North Korea has confirmed it has successfully tested a nuclear warhead, claiming in state media that it has achieved its goal of being able to fit a miniaturised nuclear warhead on a rocket.
This latest test follows a series of ballistic missile launches that have drawn international condemnation and UN sanctions.
South Korean President Park Geun-hye confirmed the nuclear test, saying it was conducted in clear violation of UN Security Council resolutions and was a direct challenge to the international community.
The North’s fifth nuclear test proved the country’s leader Kim Jong-un’s “maniacal recklessness” in completely ignoring the world’s call to abandon his pursuit of nuclear weapons, Ms Park was quoted as saying by her office.
The confirmation followed reports there was a “high possibility” the North had conducted a fifth nuclear test, after a magnitude-5.3 seismic event was detected near North Korea’s Pyunggye-ri nuclear test site as the country celebrated its foundation day.
Ms Park condemned the move as an act of “self-destruction” that would deepen its isolation.
The test will send tensions soaring over the North’s nuclear and ballistic missile ambitions, which have already earned international condemnation and United Nations sanctions.
Ms Park spoke out against the “manic recklessness” of the North’s young ruler Kim Jong-un, who has exulted in a series of ballistic missile launches and the last nuclear test in January.
“Kim Jong-un’s regime will only earn more sanctions and isolation … and such provocation will further accelerate its path to self-destruction,” she said, warning his obsession with creating a nuclear arsenal posed a grave challenge.
“We will step up pressure on the North by using all possible measures, including more, stronger sanctions on the North with the international community and at the UN Security Council,” she said.
Australia condemns action as ‘reckless, dangerous’
Prime Minister Malcolm Turnbull described the test as a “reckless, provocative dangerous action”.
Speaking to reporters in Micronesia, Mr Turnbull said the UN Security Council had already considered eight breaches by North Korea before Friday’s test.
“The recklessness of North Korea puts the world’s peace at risk,” he said.
“It’s persistent, it’s provocative, it’s dangerous.”
Australian Foreign Minister Julie Bishop said it was “extremely destabilising behaviour”.
Ms Bishop told reporters in London that the test was in “flagrant breach of numerous security council resolutions”.
“We condemn in the strongest possible terms this further provocative action by North Korea,” she said.
Ms Bishop said China’s response would be sought to the action, saying the country had a “special role to play, given its proximity to the North Korean regime”.
Most powerful test to date
Seismic monitors detected a magnitude-5.3 “artificial earthquake” near the North’s Punggye-ri nuclear test site, with “almost identical patterns” to previous detonations, according to South Korean experts.
“We believe that it was a nuclear test.

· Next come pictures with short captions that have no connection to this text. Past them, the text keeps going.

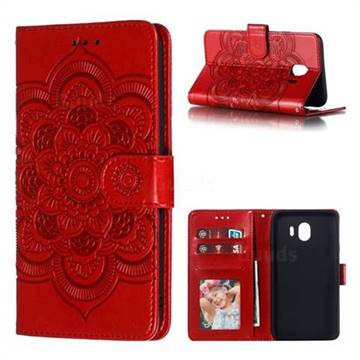 Intricate Embossing Datura Solar Leather Wallet Case for Samsung Galaxy J4 (2018) SM-J400F - Red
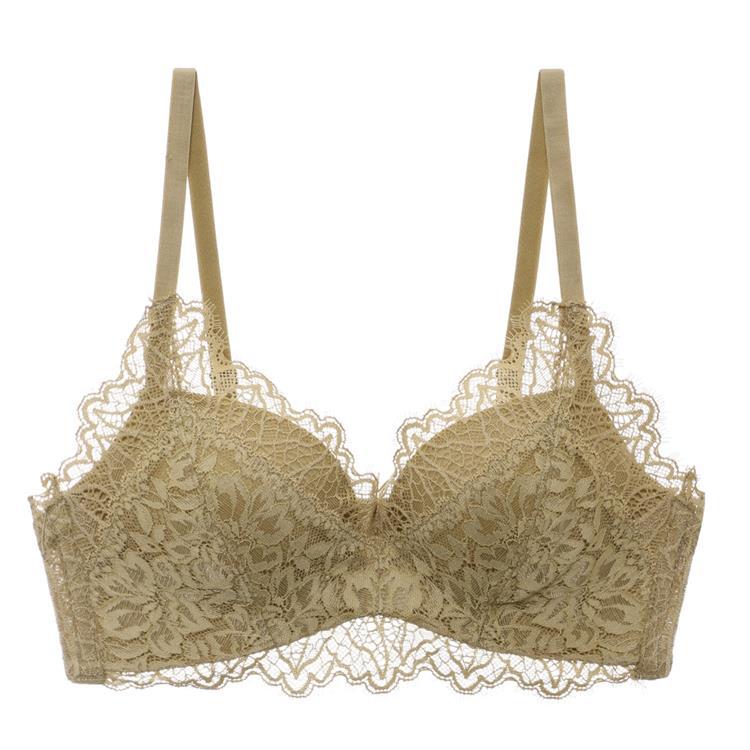 Sexy Pure Lace Small Breasts Gather and Lift the Chest To Prevent Sagging, Not Empty Cup, No Steel Ring Bra Set.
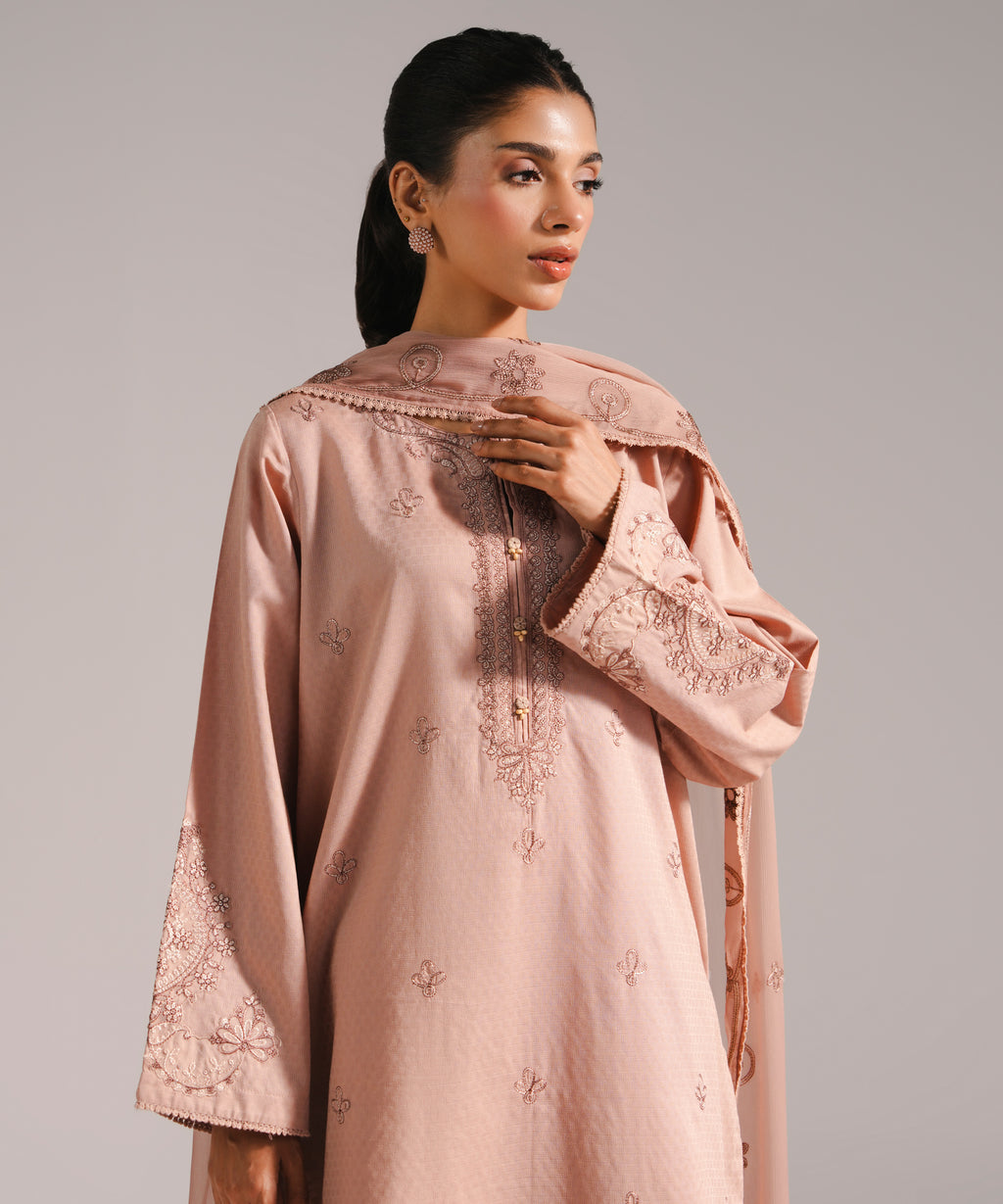 3 Piece - Embroidered Dobby Suit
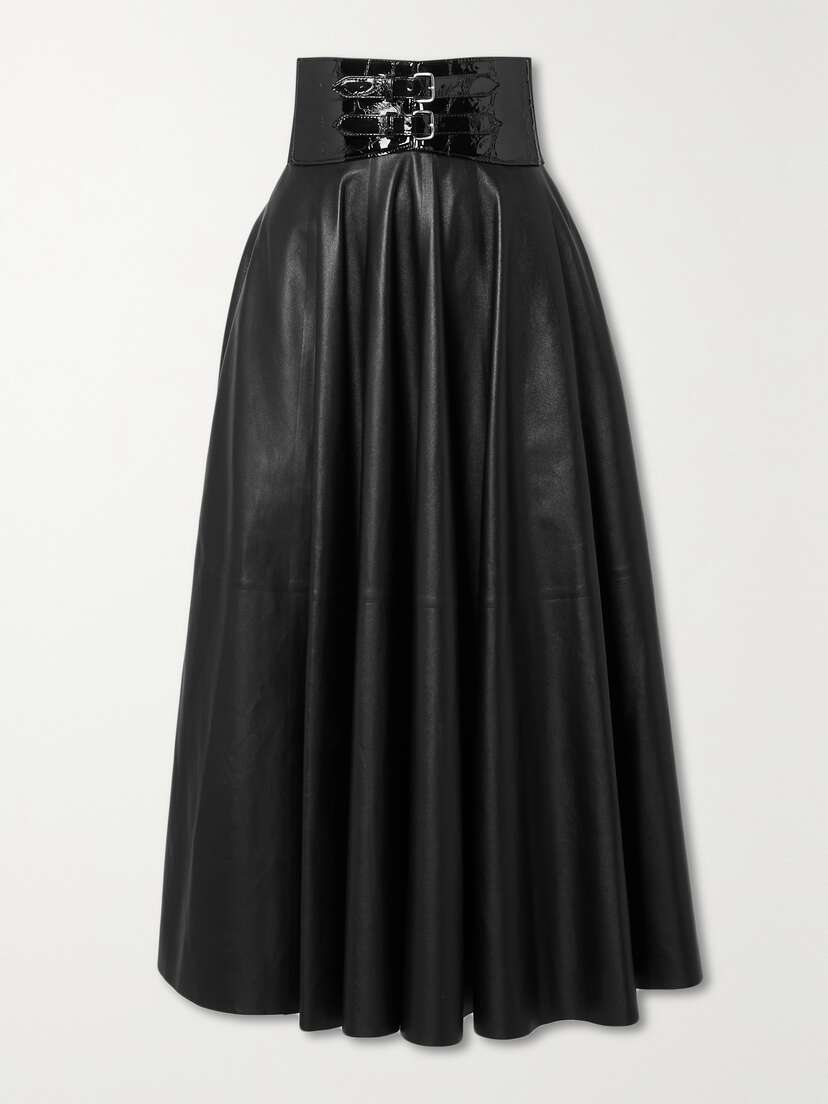 Alaïa Archetypes Belted Leather Midi Skirt
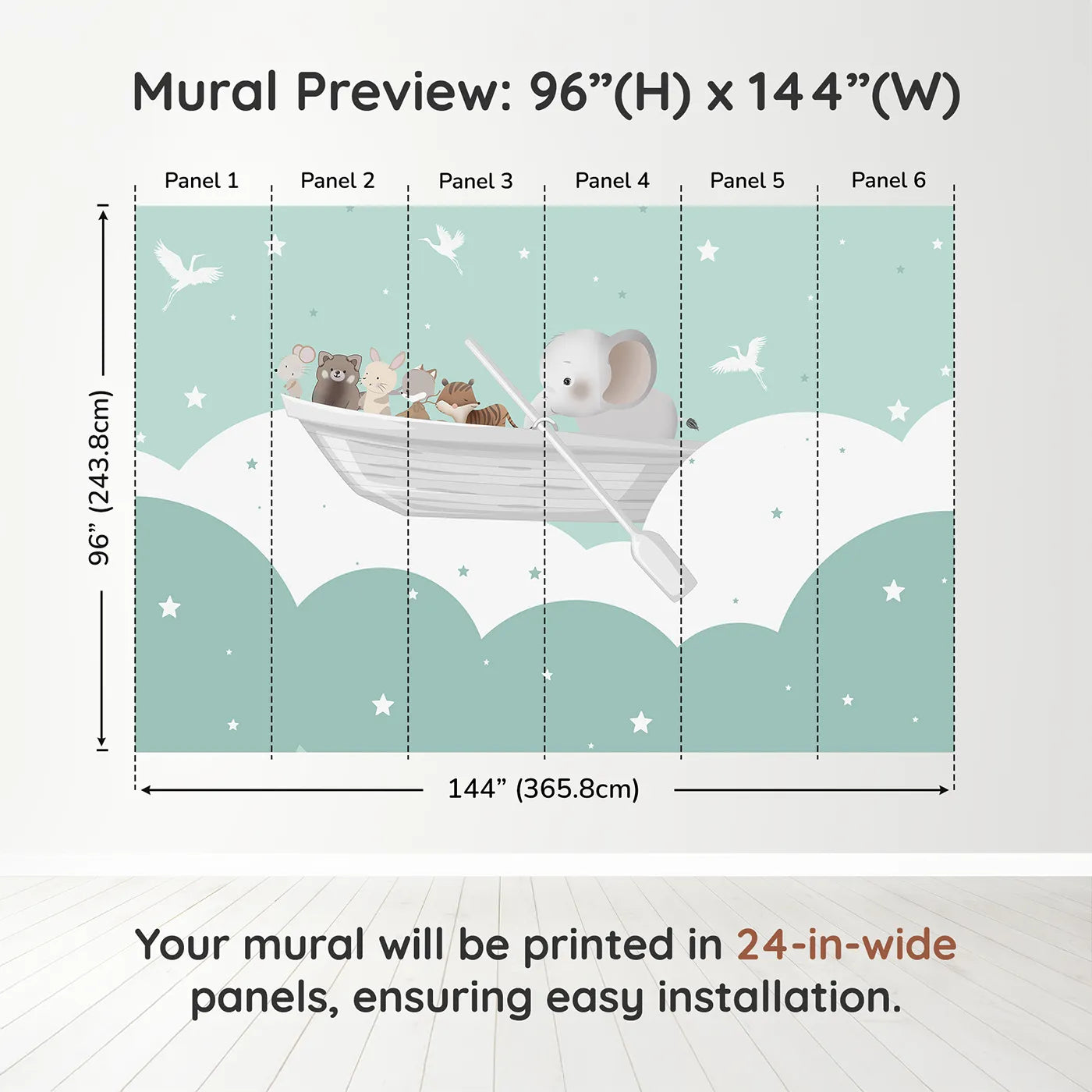 Whimsy Tots Starry Sky Boat Ride Wall Muraldimension view (96" H x 144" W). Printed in six 24-inch-wide panels. Gender-Neutral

We are trying to figure out whether it was successful. The blast measured about 10 kilotons,” a Defence Ministry spokesman in Seoul told reporters.
The North’s third nuclear test, staged in February 2013, was previously considered the most powerful to date, with a yield of six to nine kilotons.
“The 10-kiloton blast was nearly twice the fourth nuclear test and slightly less than the Hiroshima bombing, which was measured about 15 kilotons,” Kim Nam-wook, from the South’s meteorological agency, said.
Japan’s public broadcaster NHK reported the country’s defence ministry was preparing to dispatch aircraft to analyse air samples to see if any radiation could be detected.
“If North Korea conducted a nuclear test, that can never be tolerated. We must lodge a strong protest,” Japanese Prime Minister Shinzo Abe said.
The US National Security Council said it was aware of seismic activity in the region of the test site and was “monitoring and continuing to assess the situation in close coordination with our regional partners”.